● **MATERIAL FOR THIS TASK**:
==========

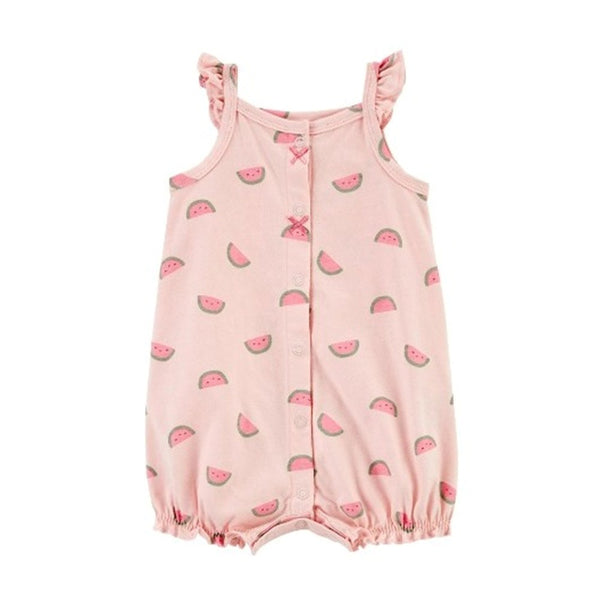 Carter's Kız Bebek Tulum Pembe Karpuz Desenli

==========

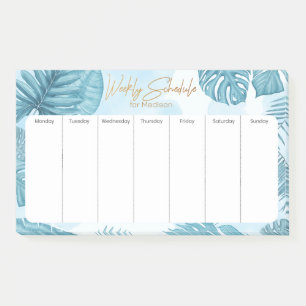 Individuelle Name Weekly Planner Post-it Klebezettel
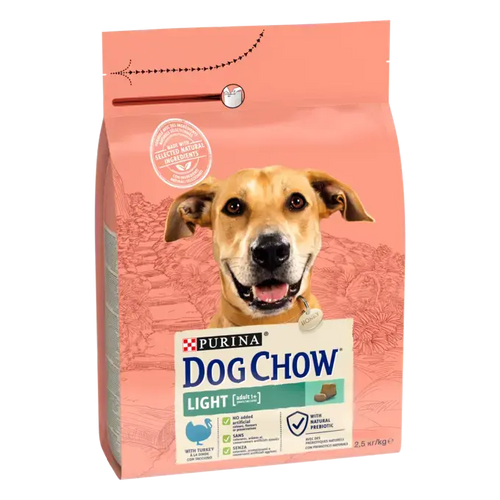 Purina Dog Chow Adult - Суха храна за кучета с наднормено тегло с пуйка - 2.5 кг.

==========

● **WORK ORDER**:
Print the part of the listing above that opens with the line containing "Individuelle Name Weekly" and closes with the line containing "Purina Dog Chow". Copy it exactly, both ends included, and omit the pictures.

● **SOLUTION TO THE PROBLEM**:
 Individuelle Name Weekly Planner Post-it Klebezettel
 Purina Dog Chow Adult - Суха храна за кучета с наднормено тегло с пуйка - 2.5 кг.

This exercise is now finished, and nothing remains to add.